The Problem
Your feature stores user data. In week 3 of development, security asks: "Is this PII?" "Do we need encryption?" "What's the retention policy?"
You don't know. You didn't think about security. Now you're 3 weeks in and re-spec'ing.
The Trap
Many PMs treat security like compliance—a checkbox, a thing security handles. "Let them do their job; I'll do mine."
This is dangerous. Security considerations affect the entire product.
The Shift
Think of security as "what can users trust us with, and how do we protect it?"

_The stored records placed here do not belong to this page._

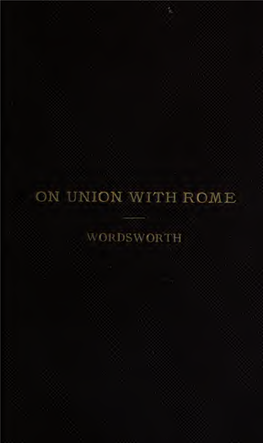 Union with Rome : 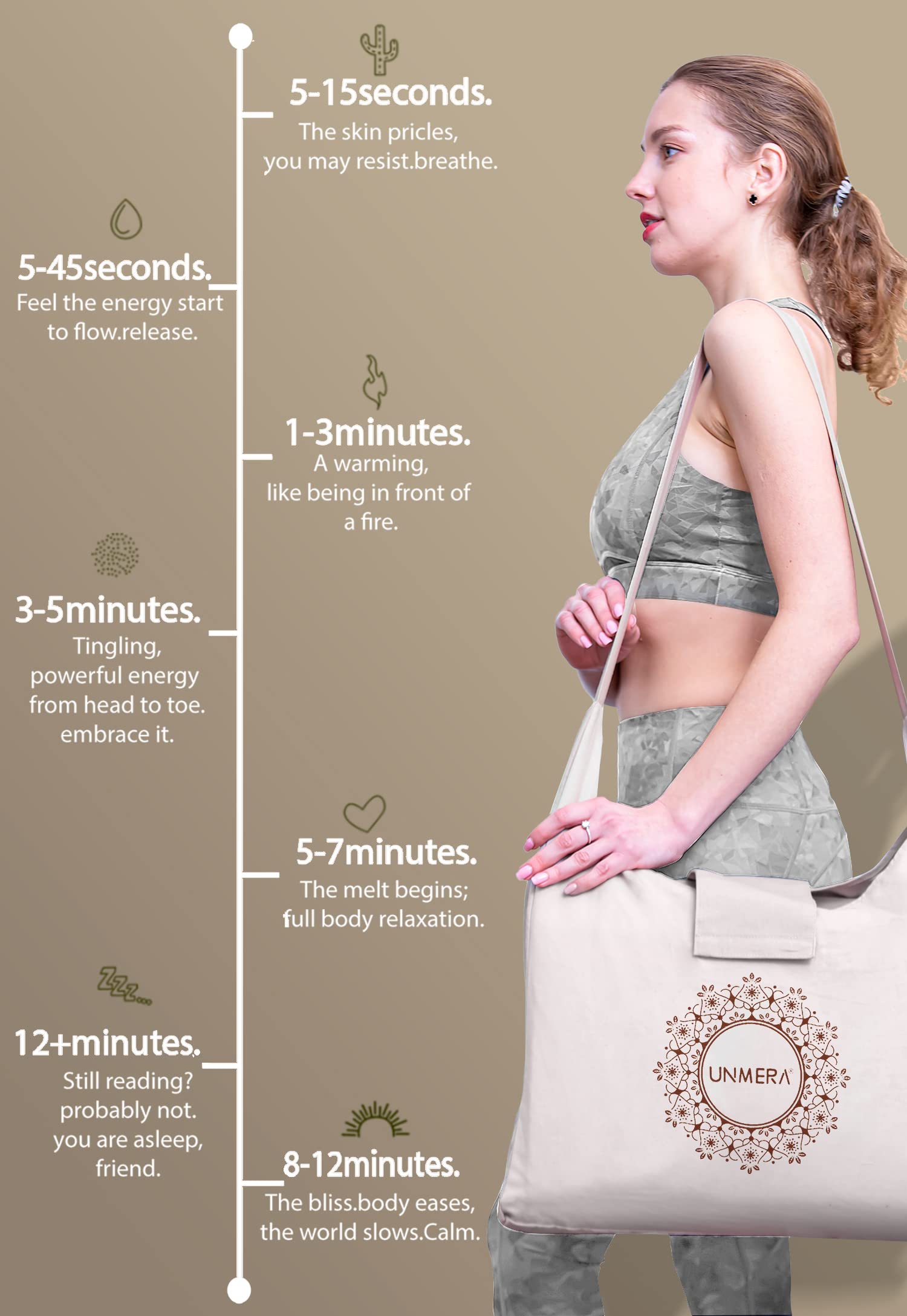 UNMERA Acupressure Mat and Pillow Set,Natural Premium Linen & Coconut Fiber Filling UNMERA Au supplements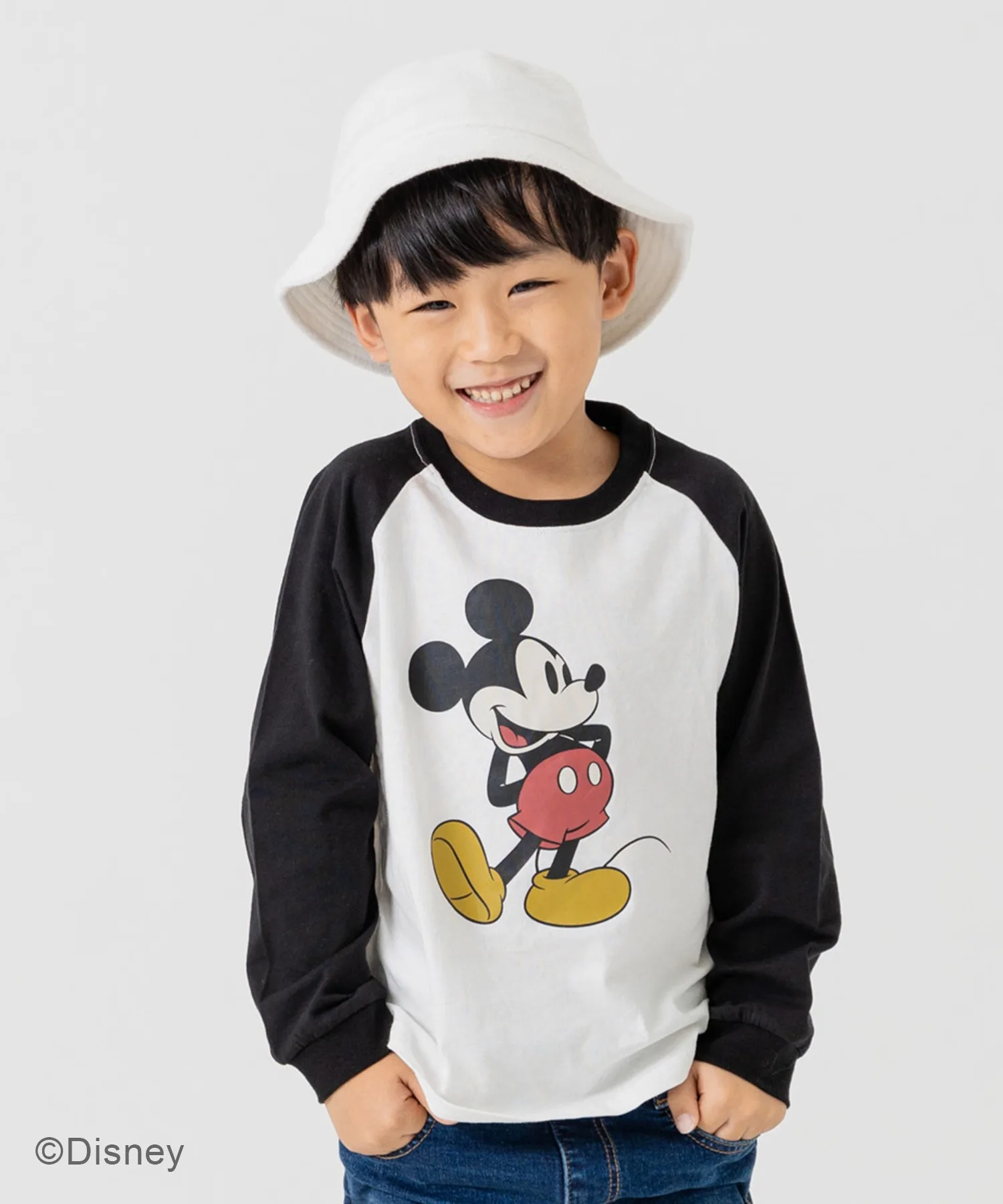 Детская футболка Disney Микки Маус, хлопковая, серая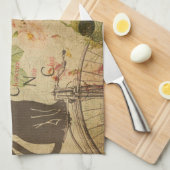 はがきフランスのキッチンタオル キッチンタオル (四つ折り)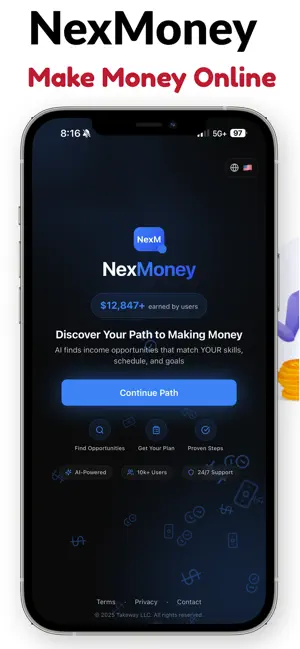 NexMoney: Grow Digital Income screenshot 1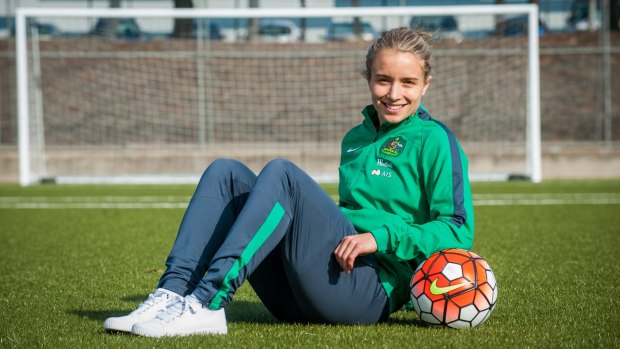 Canberra's Georgia Yeoman-Dale is chasing a spot in the Matildas' Olympic squad.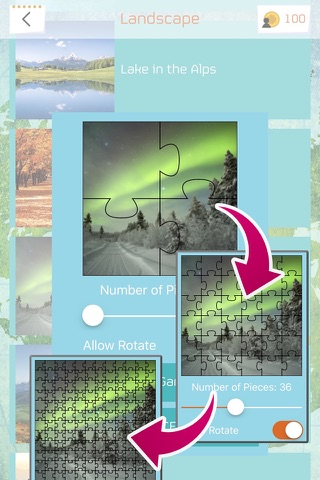 Puzzles - breathtaking sceneries - náhled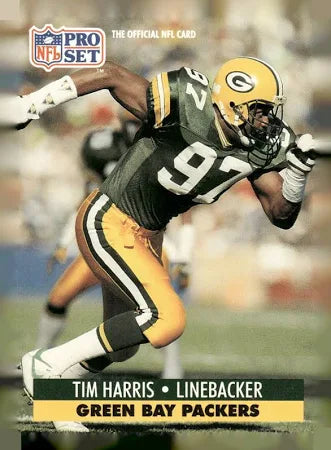 1991 Bowman Tim Harris Football Card #174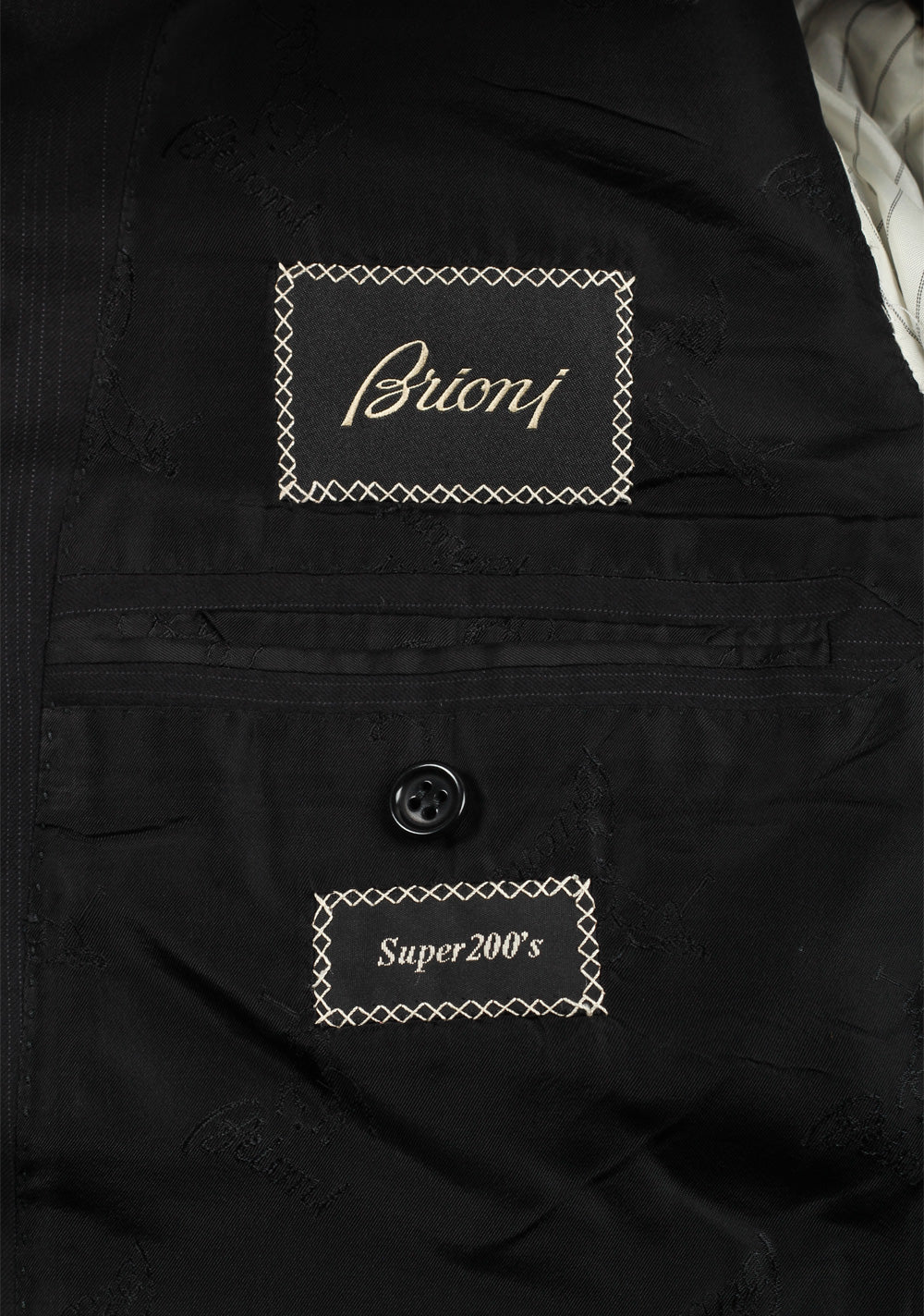 Brioni Colosseo Charcoal Suit Size 50 / 40R U.S. In Wool Super 200s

Security doesn't slow you down if you spec it upfront. It slows you down if you ignore it and find problems mid-development.
Actionable Steps
1. Identify Data Types
For every data collection in your feature:
| Data | Sensitivity | Retention | Access |
|---|---|---|---|
| High (PII) | Indefinite until deletion | Auth team only | |
| Usage metadata | Medium | 90 days | Product analytics, exportable by customer |
| Payment info | Critical | Until subscription ends | Third-party processor, never our servers |
2. Spec Encryption & Access
Data Security for [Feature]:
- Email stored: Encrypted at rest (AES-256)
- Email in transit: HTTPS only, TLS 1.2+
- Access: Only authenticated users accessing their own data
- Audit log: All access logged, monthly review
- Third-party access: None (data processors sign DPA)
3. Define Retention & Deletion
Data Retention:
- We store event logs for 90 days
- User can export anytime
- User can request deletion (soft-delete after 30-day hold, hard-delete after)
- On account closure: All data deleted within 30 days
4. Plan for Threat Scenarios
Ask security: "What's the realistic threat?"
Example:
- Threat: Unauthorized access to user emails
- Mitigation: Encryption + access controls + audit logs
- Detection: Monthly audit of access logs
- Response: Incident playbook exists before launch
5. Compliance Callouts
If you're targeting regulated regions:
Compliance for [Feature]:
- GDPR (EU): Personal data processing, user consent, export/delete rights
- CCPA (CA): User data access, opt-out, no sale of data
- SOC 2 (Enterprise sales): Encryption, access controls, audit logs
Key Takeaways
- Security in the PRD prevents late-stage rewrites. 30 min upfront saves 3 weeks of rework.
- Encryption and retention are product decisions. Spec them like you spec features.
- Trust is the product. Users choose you partly because they believe you won't lose/leak their data. Bake security into the PRD and you deliver on that promise.